Le risque, une fois la commande faite à mon numéro 9, c'est qu'un avant circule autour du ruck et ralentisse la sortie du ballon, ce qui permet à la défense de monter. C'est ma responsabilité. Dans ce cas, je ne peux pas annuler ma commande, la passe est déjà armée. Quand je reçois le ballon, je ne tente pas le drop. Je m'adapte, je fais une passe. Si je sens que je ne suis pas bien positionné, idem, je peux décider de ne pas taper. »
« Elle est naturelle. Il n'y a pas d'annonce particulière.
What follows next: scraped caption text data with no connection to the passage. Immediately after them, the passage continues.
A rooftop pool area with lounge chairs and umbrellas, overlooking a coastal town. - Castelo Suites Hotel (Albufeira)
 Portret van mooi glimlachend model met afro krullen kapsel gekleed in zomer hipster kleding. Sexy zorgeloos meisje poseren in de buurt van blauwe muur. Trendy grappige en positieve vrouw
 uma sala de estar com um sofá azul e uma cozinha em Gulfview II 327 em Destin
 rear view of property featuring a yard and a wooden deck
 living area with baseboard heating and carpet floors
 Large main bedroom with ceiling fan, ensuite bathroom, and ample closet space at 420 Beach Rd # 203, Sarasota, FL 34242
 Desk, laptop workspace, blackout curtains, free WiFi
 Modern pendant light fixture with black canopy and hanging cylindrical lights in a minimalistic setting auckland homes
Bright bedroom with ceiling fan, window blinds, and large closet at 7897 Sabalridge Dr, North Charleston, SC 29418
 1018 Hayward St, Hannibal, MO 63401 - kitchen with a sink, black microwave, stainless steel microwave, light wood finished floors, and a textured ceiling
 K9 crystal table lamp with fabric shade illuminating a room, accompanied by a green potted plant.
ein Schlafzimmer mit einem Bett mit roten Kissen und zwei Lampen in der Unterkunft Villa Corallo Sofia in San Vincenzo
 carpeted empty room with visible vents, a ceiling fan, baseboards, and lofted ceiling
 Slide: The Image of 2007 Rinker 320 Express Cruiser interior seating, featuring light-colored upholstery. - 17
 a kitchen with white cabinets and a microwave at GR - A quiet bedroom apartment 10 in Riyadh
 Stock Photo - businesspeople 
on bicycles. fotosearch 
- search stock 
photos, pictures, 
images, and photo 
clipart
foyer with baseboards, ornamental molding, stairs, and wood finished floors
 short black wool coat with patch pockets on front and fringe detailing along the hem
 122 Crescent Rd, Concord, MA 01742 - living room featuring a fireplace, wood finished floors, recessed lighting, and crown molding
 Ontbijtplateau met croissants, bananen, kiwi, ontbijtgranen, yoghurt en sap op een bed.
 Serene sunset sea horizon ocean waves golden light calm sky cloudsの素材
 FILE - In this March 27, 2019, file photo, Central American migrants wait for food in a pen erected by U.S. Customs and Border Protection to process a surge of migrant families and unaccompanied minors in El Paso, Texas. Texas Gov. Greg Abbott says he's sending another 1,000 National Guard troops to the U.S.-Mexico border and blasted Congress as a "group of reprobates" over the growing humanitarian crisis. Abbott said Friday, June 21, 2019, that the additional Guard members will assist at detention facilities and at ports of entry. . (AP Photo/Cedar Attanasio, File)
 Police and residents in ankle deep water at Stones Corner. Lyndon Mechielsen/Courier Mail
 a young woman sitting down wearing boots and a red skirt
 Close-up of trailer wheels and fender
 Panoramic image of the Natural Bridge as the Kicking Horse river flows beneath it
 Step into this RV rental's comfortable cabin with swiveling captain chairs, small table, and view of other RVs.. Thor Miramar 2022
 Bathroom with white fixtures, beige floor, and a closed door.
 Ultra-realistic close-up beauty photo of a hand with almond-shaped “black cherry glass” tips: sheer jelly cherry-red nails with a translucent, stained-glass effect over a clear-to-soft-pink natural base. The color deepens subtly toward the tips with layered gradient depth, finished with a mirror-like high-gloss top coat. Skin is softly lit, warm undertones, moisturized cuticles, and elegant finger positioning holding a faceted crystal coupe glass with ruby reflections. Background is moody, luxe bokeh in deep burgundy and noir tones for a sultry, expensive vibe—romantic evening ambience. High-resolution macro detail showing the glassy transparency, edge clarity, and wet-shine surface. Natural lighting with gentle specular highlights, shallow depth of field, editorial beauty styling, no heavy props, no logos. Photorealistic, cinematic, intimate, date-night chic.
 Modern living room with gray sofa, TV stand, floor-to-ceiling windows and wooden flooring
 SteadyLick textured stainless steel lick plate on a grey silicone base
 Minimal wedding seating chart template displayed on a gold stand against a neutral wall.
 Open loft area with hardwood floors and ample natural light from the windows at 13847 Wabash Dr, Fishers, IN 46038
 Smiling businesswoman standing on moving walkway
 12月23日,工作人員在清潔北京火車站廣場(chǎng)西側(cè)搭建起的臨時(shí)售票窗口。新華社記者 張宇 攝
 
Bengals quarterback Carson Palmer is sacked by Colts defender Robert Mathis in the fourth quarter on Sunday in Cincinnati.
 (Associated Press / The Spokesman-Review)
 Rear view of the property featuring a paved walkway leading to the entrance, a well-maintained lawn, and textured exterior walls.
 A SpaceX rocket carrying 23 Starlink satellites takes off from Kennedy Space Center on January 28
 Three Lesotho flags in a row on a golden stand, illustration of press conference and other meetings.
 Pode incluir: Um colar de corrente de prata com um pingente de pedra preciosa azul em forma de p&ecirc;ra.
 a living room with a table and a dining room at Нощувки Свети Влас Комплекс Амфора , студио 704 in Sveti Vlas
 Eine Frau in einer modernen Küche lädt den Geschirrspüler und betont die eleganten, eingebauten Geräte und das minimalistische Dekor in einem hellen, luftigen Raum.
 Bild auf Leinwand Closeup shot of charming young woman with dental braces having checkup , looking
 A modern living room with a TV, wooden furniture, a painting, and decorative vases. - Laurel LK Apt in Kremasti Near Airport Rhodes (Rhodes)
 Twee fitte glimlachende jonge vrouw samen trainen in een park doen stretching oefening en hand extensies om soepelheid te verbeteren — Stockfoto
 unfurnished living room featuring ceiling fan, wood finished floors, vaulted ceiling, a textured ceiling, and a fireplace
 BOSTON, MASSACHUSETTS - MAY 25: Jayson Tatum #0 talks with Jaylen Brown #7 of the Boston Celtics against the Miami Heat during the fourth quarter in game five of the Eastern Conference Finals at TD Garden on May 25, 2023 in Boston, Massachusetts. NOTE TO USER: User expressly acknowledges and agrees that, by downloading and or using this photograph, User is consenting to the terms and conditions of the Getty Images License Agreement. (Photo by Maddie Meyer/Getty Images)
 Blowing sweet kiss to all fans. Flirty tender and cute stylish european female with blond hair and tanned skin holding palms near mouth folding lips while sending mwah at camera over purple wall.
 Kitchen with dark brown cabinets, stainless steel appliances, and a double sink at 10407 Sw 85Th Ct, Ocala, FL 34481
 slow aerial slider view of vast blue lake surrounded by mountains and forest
Dans certains clubs, c'est le cas, mais je déteste ça. Je déteste quand le drop est trop préparé. Je préfère être le seul décideur. Quand personne ne s'y attend, je suis plus relâché. Pour que mon demi de mêlée déclenche la passe, je dis souvent « axe ». Il y a le regard également. À Clermont, avec Morgan Parra, on a joué tellement de matches ensemble qu'il le sentait, le savait. Il me connaissait par coeur. Ici à Bayonne, avec Guillaume (Rouet) ou Maxime (Machenaud), on a forcément moins d'automatismes. »
« J'utilise souvent le drop entre les 22 et les 30 mètres légèrement à droite des poteaux comme face à Lyon et Bordeaux. J'en ai mis deux comme ça aussi en demi-finales de Coupe d'Europe avec Clermont (victoire 27-22 face au Leinster en 2017). Je n'ai pas de zone de prédilection. Je suis gaucher, donc je suis plus à l'aise côté droit. De plus, les défenseurs sont forcément plus loin puisque le ruck est face à moi.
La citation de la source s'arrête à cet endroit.